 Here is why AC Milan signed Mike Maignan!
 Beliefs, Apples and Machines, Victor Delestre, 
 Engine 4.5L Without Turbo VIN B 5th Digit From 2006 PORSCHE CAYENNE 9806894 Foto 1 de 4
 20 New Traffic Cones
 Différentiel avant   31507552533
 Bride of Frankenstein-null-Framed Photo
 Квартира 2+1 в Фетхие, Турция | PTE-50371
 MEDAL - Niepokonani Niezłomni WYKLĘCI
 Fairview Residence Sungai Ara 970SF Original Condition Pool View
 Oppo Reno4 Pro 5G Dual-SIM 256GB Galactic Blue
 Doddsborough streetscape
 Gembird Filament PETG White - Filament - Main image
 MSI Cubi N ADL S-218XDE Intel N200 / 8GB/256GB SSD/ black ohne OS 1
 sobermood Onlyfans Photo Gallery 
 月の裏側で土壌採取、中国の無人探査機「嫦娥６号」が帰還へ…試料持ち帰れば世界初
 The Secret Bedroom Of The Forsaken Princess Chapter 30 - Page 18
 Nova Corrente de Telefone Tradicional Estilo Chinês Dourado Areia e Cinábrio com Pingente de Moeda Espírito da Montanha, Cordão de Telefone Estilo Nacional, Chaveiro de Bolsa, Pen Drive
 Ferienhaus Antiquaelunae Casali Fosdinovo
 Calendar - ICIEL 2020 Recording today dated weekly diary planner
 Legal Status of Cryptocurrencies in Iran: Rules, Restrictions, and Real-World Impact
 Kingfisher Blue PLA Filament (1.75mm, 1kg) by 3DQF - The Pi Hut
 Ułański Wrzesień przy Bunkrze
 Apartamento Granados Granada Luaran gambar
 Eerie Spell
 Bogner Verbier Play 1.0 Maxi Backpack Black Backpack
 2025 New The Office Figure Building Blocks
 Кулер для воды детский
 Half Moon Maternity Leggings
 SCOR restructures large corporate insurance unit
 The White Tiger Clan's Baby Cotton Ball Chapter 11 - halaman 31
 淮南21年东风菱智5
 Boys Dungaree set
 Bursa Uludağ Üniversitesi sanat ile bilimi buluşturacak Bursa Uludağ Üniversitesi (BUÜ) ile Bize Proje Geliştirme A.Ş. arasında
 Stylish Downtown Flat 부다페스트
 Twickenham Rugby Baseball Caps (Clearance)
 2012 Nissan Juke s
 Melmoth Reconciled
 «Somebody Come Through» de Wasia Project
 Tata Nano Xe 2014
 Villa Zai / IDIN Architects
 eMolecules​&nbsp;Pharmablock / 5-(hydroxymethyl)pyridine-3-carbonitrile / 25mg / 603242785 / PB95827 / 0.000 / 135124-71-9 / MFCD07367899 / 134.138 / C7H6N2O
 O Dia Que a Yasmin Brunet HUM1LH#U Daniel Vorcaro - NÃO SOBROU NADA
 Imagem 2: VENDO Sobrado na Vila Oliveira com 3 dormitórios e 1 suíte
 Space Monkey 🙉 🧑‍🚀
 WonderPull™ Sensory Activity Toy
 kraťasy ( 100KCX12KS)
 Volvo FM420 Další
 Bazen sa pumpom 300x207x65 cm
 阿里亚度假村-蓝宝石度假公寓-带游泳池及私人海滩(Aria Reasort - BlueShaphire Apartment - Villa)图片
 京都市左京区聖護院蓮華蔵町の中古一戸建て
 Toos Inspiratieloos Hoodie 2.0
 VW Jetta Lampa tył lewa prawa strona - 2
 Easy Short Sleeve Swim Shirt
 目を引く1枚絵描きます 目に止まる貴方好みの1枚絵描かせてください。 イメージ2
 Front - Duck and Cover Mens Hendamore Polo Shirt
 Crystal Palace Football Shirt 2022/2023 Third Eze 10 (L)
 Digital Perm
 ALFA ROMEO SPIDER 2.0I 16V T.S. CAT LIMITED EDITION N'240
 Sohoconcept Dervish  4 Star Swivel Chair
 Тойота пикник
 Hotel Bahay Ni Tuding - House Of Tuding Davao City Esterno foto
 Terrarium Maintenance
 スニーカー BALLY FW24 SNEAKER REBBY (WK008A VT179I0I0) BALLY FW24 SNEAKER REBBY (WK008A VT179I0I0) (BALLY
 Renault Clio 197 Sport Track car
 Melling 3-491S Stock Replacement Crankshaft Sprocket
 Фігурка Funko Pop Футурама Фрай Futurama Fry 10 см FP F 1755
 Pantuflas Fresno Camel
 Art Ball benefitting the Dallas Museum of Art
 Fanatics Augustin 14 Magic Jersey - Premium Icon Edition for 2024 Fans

TASK REQUIREMENTS
A word-for-word copy of the data is the expected answer.

ANSWER
 Here is why AC Milan signed Mike Maignan!
 Beliefs, Apples and Machines, Victor Delestre, 
 Engine 4.5L Without Turbo VIN B 5th Digit From 2006 PORSCHE CAYENNE 9806894 Foto 1 de 4
 20 New Traffic Cones
 Différentiel avant   31507552533
 Bride of Frankenstein-null-Framed Photo
 Квартира 2+1 в Фетхие, Турция | PTE-50371
 MEDAL - Niepokonani Niezłomni WYKLĘCI
 Fairview Residence Sungai Ara 970SF Original Condition Pool View
 Oppo Reno4 Pro 5G Dual-SIM 256GB Galactic Blue
 Doddsborough streetscape
 Gembird Filament PETG White - Filament - Main image
 MSI Cubi N ADL S-218XDE Intel N200 / 8GB/256GB SSD/ black ohne OS 1
 sobermood Onlyfans Photo Gallery 
 月の裏側で土壌採取、中国の無人探査機「嫦娥６号」が帰還へ…試料持ち帰れば世界初
 The Secret Bedroom Of The Forsaken Princess Chapter 30 - Page 18
 Nova Corrente de Telefone Tradicional Estilo Chinês Dourado Areia e Cinábrio com Pingente de Moeda Espírito da Montanha, Cordão de Telefone Estilo Nacional, Chaveiro de Bolsa, Pen Drive
 Ferienhaus Antiquaelunae Casali Fosdinovo
 Calendar - ICIEL 2020 Recording today dated weekly diary planner
 Legal Status of Cryptocurrencies in Iran: Rules, Restrictions, and Real-World Impact
 Kingfisher Blue PLA Filament (1.75mm, 1kg) by 3DQF - The Pi Hut
 Ułański Wrzesień przy Bunkrze
 Apartamento Granados Granada Luaran gambar
 Eerie Spell
 Bogner Verbier Play 1.0 Maxi Backpack Black Backpack
 2025 New The Office Figure Building Blocks
 Кулер для воды детский
 Half Moon Maternity Leggings
 SCOR restructures large corporate insurance unit
 The White Tiger Clan's Baby Cotton Ball Chapter 11 - halaman 31
 淮南21年东风菱智5
 Boys Dungaree set
 Bursa Uludağ Üniversitesi sanat ile bilimi buluşturacak Bursa Uludağ Üniversitesi (BUÜ) ile Bize Proje Geliştirme A.Ş. arasında
 Stylish Downtown Flat 부다페스트
 Twickenham Rugby Baseball Caps (Clearance)
 2012 Nissan Juke s
 Melmoth Reconciled
 «Somebody Come Through» de Wasia Project
 Tata Nano Xe 2014
 Villa Zai / IDIN Architects
 eMolecules​&nbsp;Pharmablock / 5-(hydroxymethyl)pyridine-3-carbonitrile / 25mg / 603242785 / PB95827 / 0.000 / 135124-71-9 / MFCD07367899 / 134.138 / C7H6N2O
 O Dia Que a Yasmin Brunet HUM1LH#U Daniel Vorcaro - NÃO SOBROU NADA
 Imagem 2: VENDO Sobrado na Vila Oliveira com 3 dormitórios e 1 suíte
 Space Monkey 🙉 🧑‍🚀
 WonderPull™ Sensory Activity Toy
 kraťasy ( 100KCX12KS)
 Volvo FM420 Další
 Bazen sa pumpom 300x207x65 cm
 阿里亚度假村-蓝宝石度假公寓-带游泳池及私人海滩(Aria Reasort - BlueShaphire Apartment - Villa)图片
 京都市左京区聖護院蓮華蔵町の中古一戸建て
 Toos Inspiratieloos Hoodie 2.0
 VW Jetta Lampa tył lewa prawa strona - 2
 Easy Short Sleeve Swim Shirt
 目を引く1枚絵描きます 目に止まる貴方好みの1枚絵描かせてください。 イメージ2
 Front - Duck and Cover Mens Hendamore Polo Shirt
 Crystal Palace Football Shirt 2022/2023 Third Eze 10 (L)
 Digital Perm
 ALFA ROMEO SPIDER 2.0I 16V T.S. CAT LIMITED EDITION N'240
 Sohoconcept Dervish  4 Star Swivel Chair
 Тойота пикник
 Hotel Bahay Ni Tuding - House Of Tuding Davao City Esterno foto
 Terrarium Maintenance
 スニーカー BALLY FW24 SNEAKER REBBY (WK008A VT179I0I0) BALLY FW24 SNEAKER REBBY (WK008A VT179I0I0) (BALLY
 Renault Clio 197 Sport Track car
 Melling 3-491S Stock Replacement Crankshaft Sprocket
 Фігурка Funko Pop Футурама Фрай Futurama Fry 10 см FP F 1755
 Pantuflas Fresno Camel
 Art Ball benefitting the Dallas Museum of Art
 Fanatics Augustin 14 Magic Jersey - Premium Icon Edition for 2024 Fans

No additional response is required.